ANKARA - 3 milyon 200 bin memur ile 2 milyona yakın memur emeklisini ilgilendiren 5'nci dönem Toplu İş Sözleşmesi (TİS) görüşmeleri sürüyor. Toplantı konuşan KESK Genel Sekreteri Ramazan Gürbüz, “Biz kamu emekçilerinin öncelikle bu ülkede insanca, onurluca yaşam talebimiz var” dedi.

Kamu emekçilerinin 2020-2021 yıllarındaki sosyal ve mali haklarının belirleneceği 5'inci Dönem Toplu Sözleşme (TİS) görüşmeleri, Aile Çalışma ve Sosyal Hizmetler Bakanlığı Reşat Moralı Toplantı Salonu’nda devam ediyor.

5’inci dönem toplu sözleşme süreci görüşmelerine yetkili konfederasyon Memur-Sen’in yanı sıra Kamu Emekçileri Sendikaları Konfederasyonu (KESK) ve Kamu-Sen temsilcileri katıldı.

MEMUR-SEN’İN TALEPLERİ

Yetkili konfederasyon olarak masaya oturacak olan Memur-Sen, 2020 yılı için 1 Ocak’tan geçerli olmak üzere yüzde 3 refah payı ve taban aylığa 200 TL seyyanen artış talep ediyor.

Birinci altı ayda yüzde 8, ikinci altı ayda yüzde 7 zam talep eden Memur-Sen’in masaya taşıdığı diğer talapler, yine sözleşmeli personel çalışmasına son verilmesi, gelir vergisinde yıl boyu yüzde 15 sabit oran uygulanması ya da yüzde 15’i aşan kısmın kamu işvereni tarafından karşılanması, kreş hizmeti sunulması ya da 754 TL kreş yardımı yapılması.

Bu taleplerin kamu emekçilerinin kayıplarını karşılamaktan uzak kaldığı eleştirilerinin hedefi olan Memur-Sen’in Genel Başkanı Ali Yalçın, toplantıda yaptığı konuşmada tekliflerinin mali olarak rasyonel, özgürlük ve haklar anlamıyla da reformist olduğunu dile getirerek, olumlu yanıt beklediklerini ifade etti.

Görüşmede söz alan KESK Genel Sekreteri Ramazan Gürbüz ise, “Demokrasi dediğimiz şey ekmek gibi hava gibidir.
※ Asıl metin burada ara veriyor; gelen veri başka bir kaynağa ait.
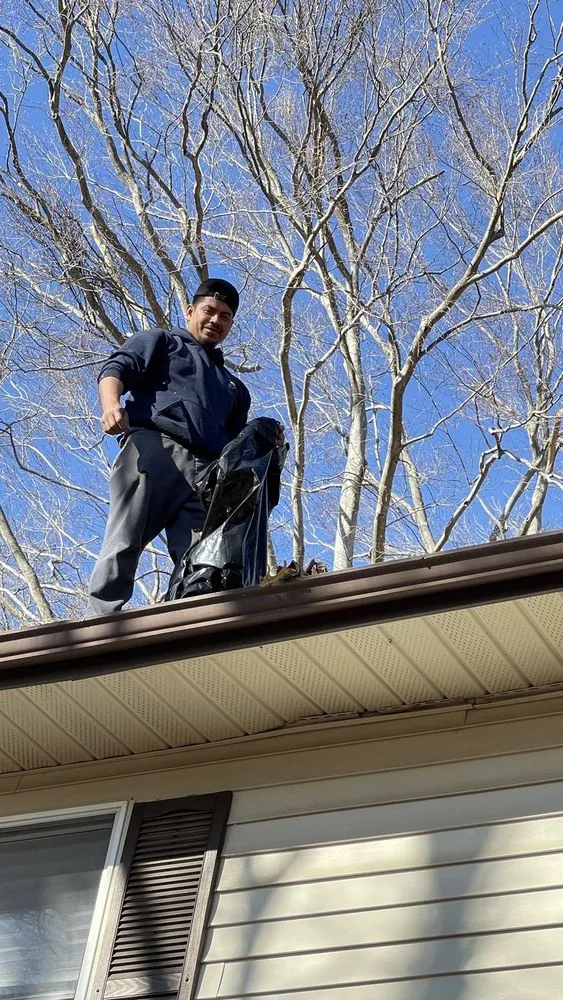 Slide of Jaz Roofing and Remodeling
Fakat bugün kamu emekçileri TİS taleplerini muhatap bakanlık olan Çalışma Bakanlığı önünde kamuoyuna paylaşmak istedikleri için yöneticilerimiz şu anda gözaltında. Bir ülkede düşünün ki çalışanlar taleplerini Çalışma Bakanlığı önünde dillendiremeyecekler. Konfederasyon yöneticileri gözaltına alınacak. Kesinlikle kabul edilemez. Biz sendikal anlamda farklı düşünebiliriz. Fakat barışçıl her türlü eylem anayasa güvence altındadır” dedi.
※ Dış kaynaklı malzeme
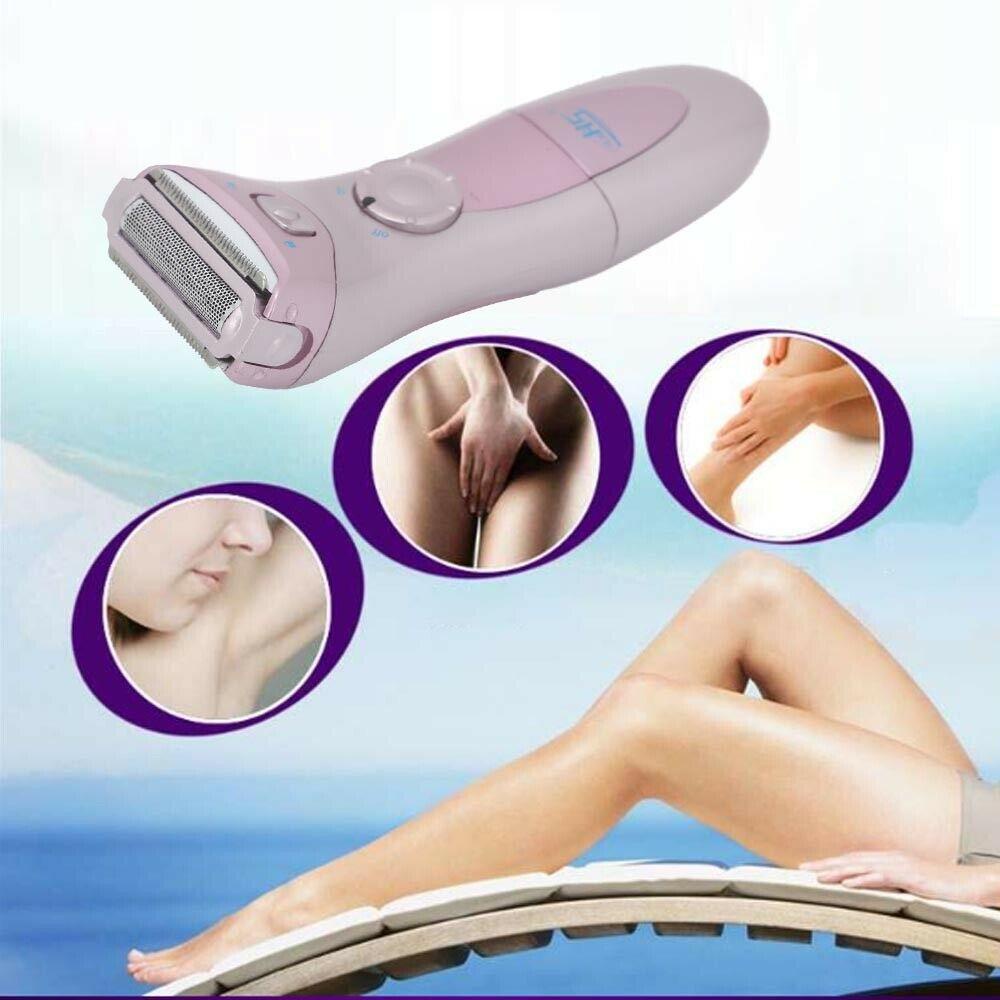 Máy Cạo Lông Linh Hoạt ESPO Dành Cho Bikini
“1 Ağustos Türkiye’de 3 milyon kamu emekçisi, 2 milyon emeklisi, 20 milyon nüfusun dörtte birini birebir ilgilendiren bir konuda, bu ülkenin ilk kurucu konfederasyonunu yetkilileri ve bağlı sendikaların yetkilileri başkente Bakanlığın önünde gözaltına alınıyorsa, demokratik anlamda bu ülkede geldiğimiz noktada ciddi sorunların olduğu açıktır”  diyen Gürbüz, kamu emekçileri olarak öncelikle bu ülkede insanca, onurluca yaşam talepleri olduğunu ifade etti.
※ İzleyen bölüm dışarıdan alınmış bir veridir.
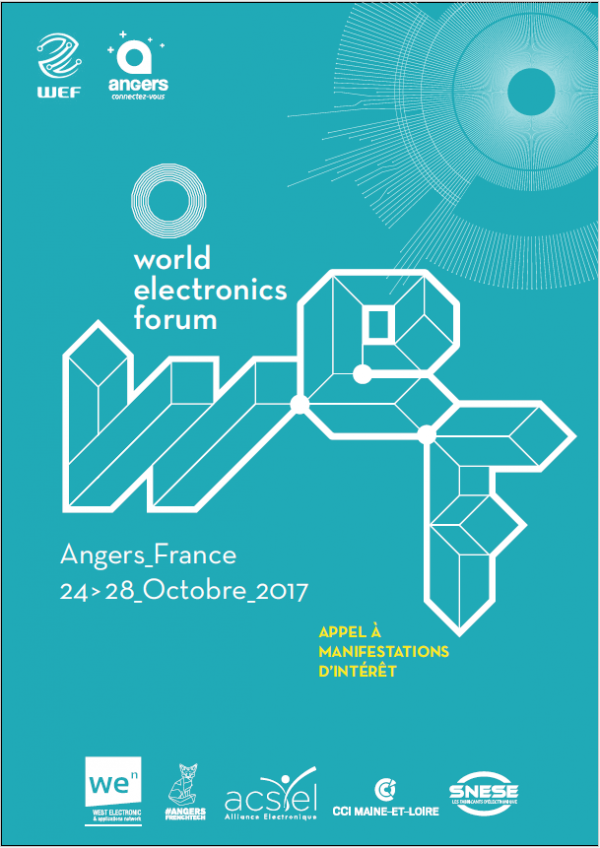 World Electronics Forum 2017 - Angers (49)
Gürbüz, sonrasında kamu emekçilerinin taleplerini sıraladı.

KESK’İN TALEPLERİ

İşyerlerinden gelen taleplerle oluşturulan taslakta maaş artışlarında yoksulluk sınırının esas alınmasını isteyen KESK, toplamda yüzde 38 zam talep etti. Buna göre eşi çalışmayan, iki çocuklu en düşük kamu emekçisinin maaşının 2020 yılı için eş, çocuk, kira, yemek yakacak yardımı ile birlikte AGİ hariç 6 bin 838 liraya çıkarılmasını talep etti. KESK 2021 yılı için ise gerçekleşen enflasyon artı 3 puan refah payı istedi. Vergi oranının düşürülerek sabitlenmesini, ücretsiz kreş ve servis hakkı, partizanca uygulamalara son verilerek liyakatin esas alınmasını, mülakat ve güvenlik araştırmasına, kadın emekçilere yönelik ayrımcı uygulamalara son verilmesi talepleri de KESK’in taslağında yer aldı.

KAMU-SEN’İN TALEPLERİ

Kamu-Sen de geçmiş dönemdeki erimenin giderilmesini talep etti. 2018 yılında bu kaybın sadece 600 TL olduğunu bildiren Kamu-Sen, yüzde 3 oranında refah payı talep etti. Böylece bugün 3 bin 18 lira olan en düşük memur maaşının 2020 sonunda 4 bin 509, 2021 sonunda ise 5 bin 417 liraya çıkmasını istedi.